DATA SHOWN ▸
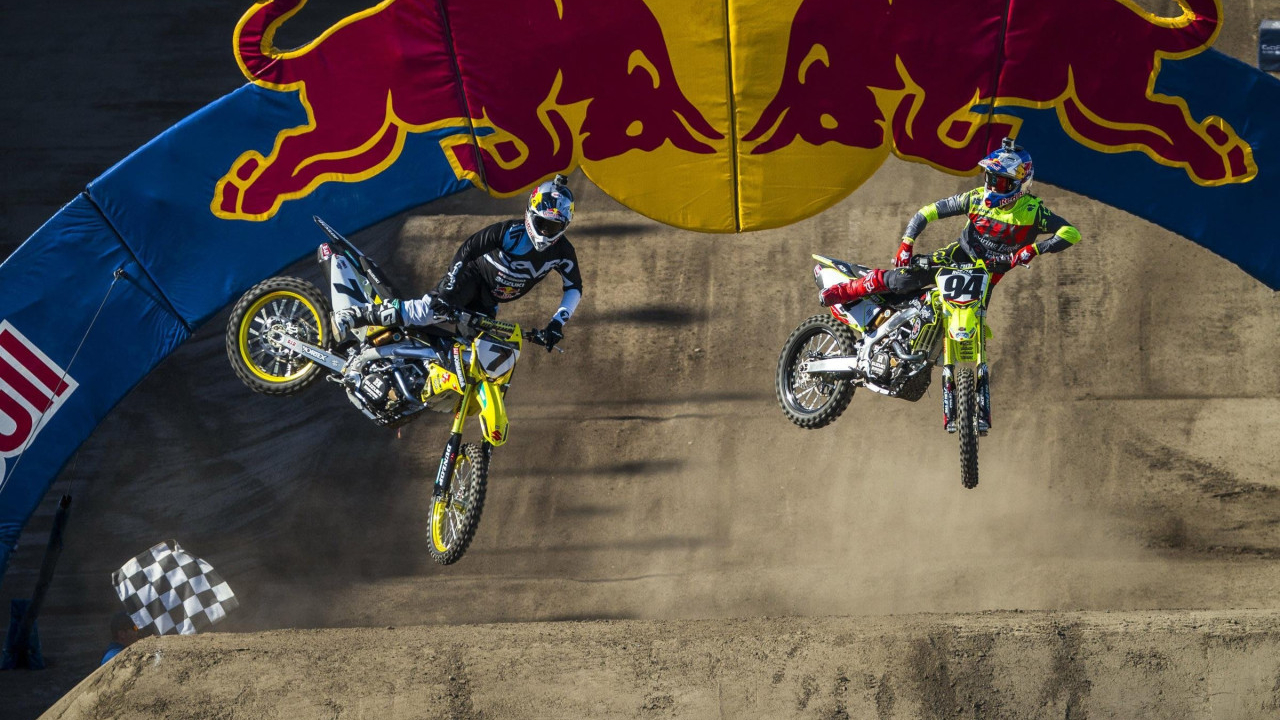 Red Bull Straight Rhythm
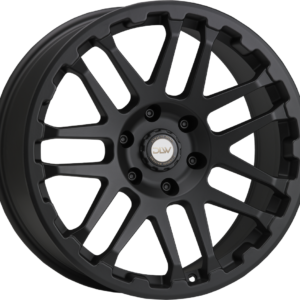 4 LLANTAS DLW COMBAT EN 20 PULGADAS CON ACABADO MATT BLACK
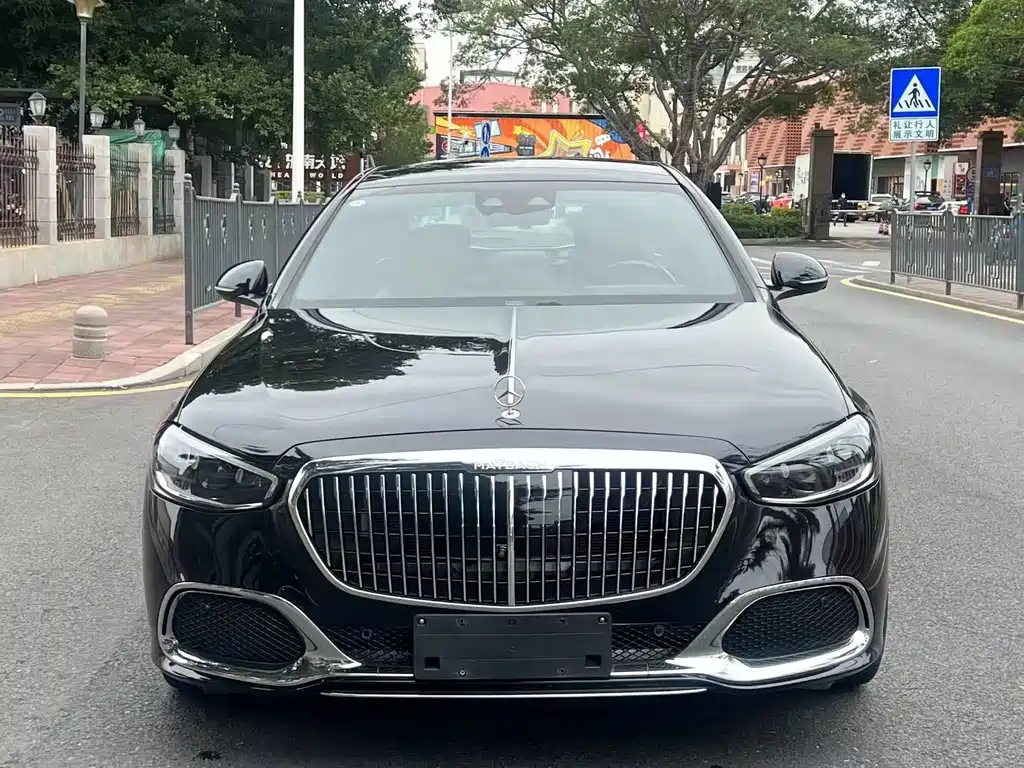Mercedes-Benz Maybach S-Class S 2021 S 480 4MATIC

TASK REQUIREMENTS ▸
The pictures alone are to be left out when the data above is copied; all else must match exactly.

EXPECTED OUTPUT ▸
 Red Bull Straight Rhythm
 4 LLANTAS DLW COMBAT EN 20 PULGADAS CON ACABADO MATT BLACK
Mercedes-Benz Maybach S-Class S 2021 S 480 4MATIC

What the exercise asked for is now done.